La náusea, novela publicada en 1938 por el escritor francés Jean Paul Sartre, es un clásico que,
en honor a la verdad, puede fácilmente desalentar a más de un lector no solo por su acidez
filosófica, sino -y sobre todo- por la propuesta altamente deprimente de la condición humana. De
hecho, su primer título fue Melancolía.


Sartre vomita dolorosas verdades evidentes para todo aquel que viviendo una vida mecánicamente
idiotizada, de pronto se da cuenta que vive una vida mecánicamente idiotizada: La vacuidad de
vivir sin propósito; el encontramos presos de libertad radical; la abrumadora responsabilidad de
construirnos a nosotros mismos a partir de la nada; la inalterabilidad del pasado versus la
imperceptible fugacidad del presente; en resumen, el absurdo sinsentido de la existencia humana,
son entre otros, los cuestionamientos que hacen que Roquentin, el protagonista de la novela, se
sintiera asquerosamente perdido.


De ahí que La náusea, que no se refiere a la reacción fisiológica propiamente dicha (aunque
tampoco la descarta), sea más una reacción total de su ser ante la absurdidad fundamental del
mundo y de su propia existencia.


Poco más o poco menos, es lo que la humanidad cree de la vida, y lo cree porque el
Existencialismo, como idea central de la obra, encarna el principio de que «la existencia precede a
la esencia», es decir que primero es la carne y luego el alma, por decirlo intuitivamente.

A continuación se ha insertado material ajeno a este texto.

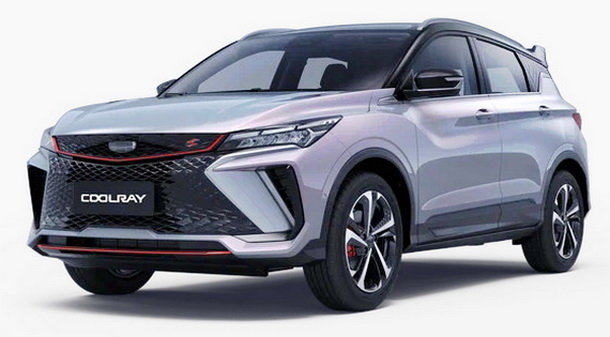 Автомобильные коврики EVA для Geely Coolray I рестайлинг (2023->)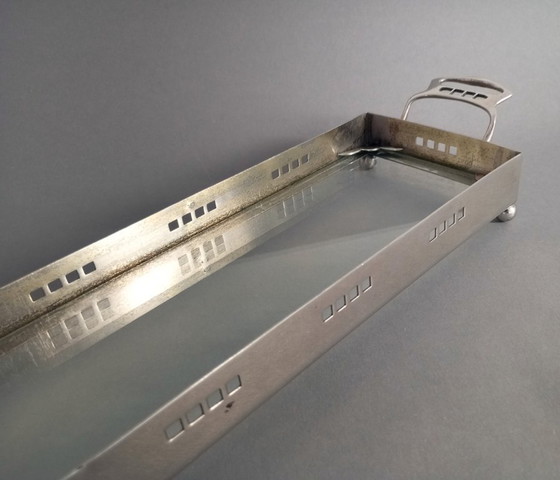 Image 1 of Hans Ofner/Josef Hoffmann secessionistisch dienblad voor Wolkenstein&Glückselig 1902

Dar por cierto esto, es decir, sentirnos cuerpo por sobre todas las cosas, es vivir en una continua e
interminable arcada provocada por creernos forma y no esencia; por poseer y no soltar; por
necesitar y no aceptar que ya lo tenemos; por ser pasado o futuro y no presente; por carecer de
propósito cuando ya somos el propósito; por creer que la culpa es real cuando solo la verdad lo es;
por pensar que atacar nos fortalece cuando es el perdón el que lo hace; por creernos pecadores y
no merecedores; por apenas existir y no ser; por pensar que solo hay imposibles y no milagros; por
ser hacedores y no creadores; por preferir la ilusión a la realidad y por imaginarnos despiertos
antes que sabernos dormidos. En definitiva, sentimos náusea por transitar en el miedo y no en el
amor.


Es por eso que, a pesar de lo denso, crudo, dramático y desesperanzador de La náusea, Sartre
tenía razón. ¿Quién no se sentiría enfermo de vivir así? Felizmente, Roquentin al final de la novela encuentra algo de sosiego en la creación artística (el
jazz y la escritura) como posibles vías para justificar su existencia. Curiosamente, lo mismo que
propone el libro Un curso de milagros que nos insta a despabilar la náusea del miedo descubriendo
nuestro verdadero ser a través de la creatividad inmanente, que más que artística (aunque no
excluyente) es la creatividad divina, sí, exactamente la misma de la del gran Creador. (O)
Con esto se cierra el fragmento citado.